The Next Chapter

Ronald Wright answers the Proust questionnaire

The author of A Short History of Progress talks about his favourite writers, his greatest extravagance and more.
Ronald Wright is the award-winning author of nine books and gave the CBC Massey Lectures in 2004.

Ronald Wright has a background in anthropology and archeology. His books, both fiction and nonfiction, explore societies under siege and the relationship between past and present. He has spent many years living in Mexico and South America, and those places have featured in his books. He's the author of Stolen Continents: Conquest and Resistance in the Americas and A Short History of Progress. He's also the author of three novels, including his most recent, The Gold Eaters, which is set in the 16th century during the Spanish invasion of Peru.

Name your favourite writers.

Herman Melville. Shirley Hazzard. I wish I had written J.M. Coetzee's Waiting for the Barbarians. And William Golding, he wrote those three great novels in the 1950s.

Your favourite painter?

Albrecht Dürer, the 16th-century engraver, painter and goldsmith. He was a person who understood his own time and brought it to life. His self portraits are almost uncannily realistic. I also like Dürer because being a goldsmith, and being an artist, he was able to see the first golden treasure brought back from Mexico by the Spanish conquerors. He said he had seen something more beautiful to him than miracles and he marveled at the artistry of these people from a new land.

What do you regard as the lowest depth of misery?

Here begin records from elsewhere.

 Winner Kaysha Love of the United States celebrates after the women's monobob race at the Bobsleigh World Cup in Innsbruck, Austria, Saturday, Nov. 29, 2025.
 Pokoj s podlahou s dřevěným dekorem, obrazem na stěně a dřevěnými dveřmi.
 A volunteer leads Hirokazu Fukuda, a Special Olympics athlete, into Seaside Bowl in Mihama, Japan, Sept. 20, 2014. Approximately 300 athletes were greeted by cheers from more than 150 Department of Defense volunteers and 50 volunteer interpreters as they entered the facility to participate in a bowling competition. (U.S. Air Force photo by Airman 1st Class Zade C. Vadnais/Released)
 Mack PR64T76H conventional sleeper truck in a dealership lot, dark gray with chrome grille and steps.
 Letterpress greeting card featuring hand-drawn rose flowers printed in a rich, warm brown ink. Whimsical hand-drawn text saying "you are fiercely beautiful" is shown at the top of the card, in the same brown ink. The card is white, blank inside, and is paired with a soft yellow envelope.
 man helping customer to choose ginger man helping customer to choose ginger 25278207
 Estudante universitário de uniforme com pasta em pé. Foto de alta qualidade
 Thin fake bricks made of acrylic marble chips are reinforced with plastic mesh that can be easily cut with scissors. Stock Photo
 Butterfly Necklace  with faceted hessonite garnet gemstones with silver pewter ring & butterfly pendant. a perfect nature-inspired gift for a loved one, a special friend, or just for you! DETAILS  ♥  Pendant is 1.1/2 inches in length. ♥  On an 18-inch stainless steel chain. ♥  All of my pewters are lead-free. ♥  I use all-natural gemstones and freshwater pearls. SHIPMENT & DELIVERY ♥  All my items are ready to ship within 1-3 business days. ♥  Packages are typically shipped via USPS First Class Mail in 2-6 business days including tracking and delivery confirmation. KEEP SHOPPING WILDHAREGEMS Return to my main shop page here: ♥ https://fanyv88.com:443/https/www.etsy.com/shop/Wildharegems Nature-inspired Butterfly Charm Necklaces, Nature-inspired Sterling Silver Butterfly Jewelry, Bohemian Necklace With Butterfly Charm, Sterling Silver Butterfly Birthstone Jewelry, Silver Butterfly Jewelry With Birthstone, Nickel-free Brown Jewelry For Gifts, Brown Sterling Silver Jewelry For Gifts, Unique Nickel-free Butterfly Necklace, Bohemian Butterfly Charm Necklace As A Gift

Loss of freedom. Being in another's power and unable to walk out the door, run my own life. I guess I've had a horror of being in others' power since I was a small boy and was sent away to boarding schools. I hated that part of my childhood and I can hardly imagine how much worse it was for the Aboriginal people in Canada, who were put in much worse boarding schools. My parents thought it was a good thing to do, in 1950s Britain. But to do that to people from another culture, to take away their language?

Tell me about your heroes in real life.

I'd pick my father as my hero in real life, and it's because I wish when I was young I had understood what he went through. He'd grown up in Kelowna, B.C. He'd lost his father when he was 10. He lost his only sibling when he was 19. Then he had to go and fight in the Second World War. He was decorated for his deeds in that war, but he would never talk about it. As a child, I didn't fully understand the extraordinary pain and extraordinary experiences that shaped him, and I wish I had.

What is your greatest extravagance?

One of my greatest extravagances was when one of my books was made into a film and I had some extra money I wasn't expecting to have and I bought an Italian motorcycle that I am very fond of. But I also paid down the mortgage.

What is your greatest achievement?

That the work I have done has been to try and understand other times and other places, particularly to learn and tell the story of the underdogs in history. I think my achievement is doing that in a way that other people are willing to read and willing to consider my take, whether they agree with it or not, on the human story.

Ronald Wright's comments have been edited and condensed.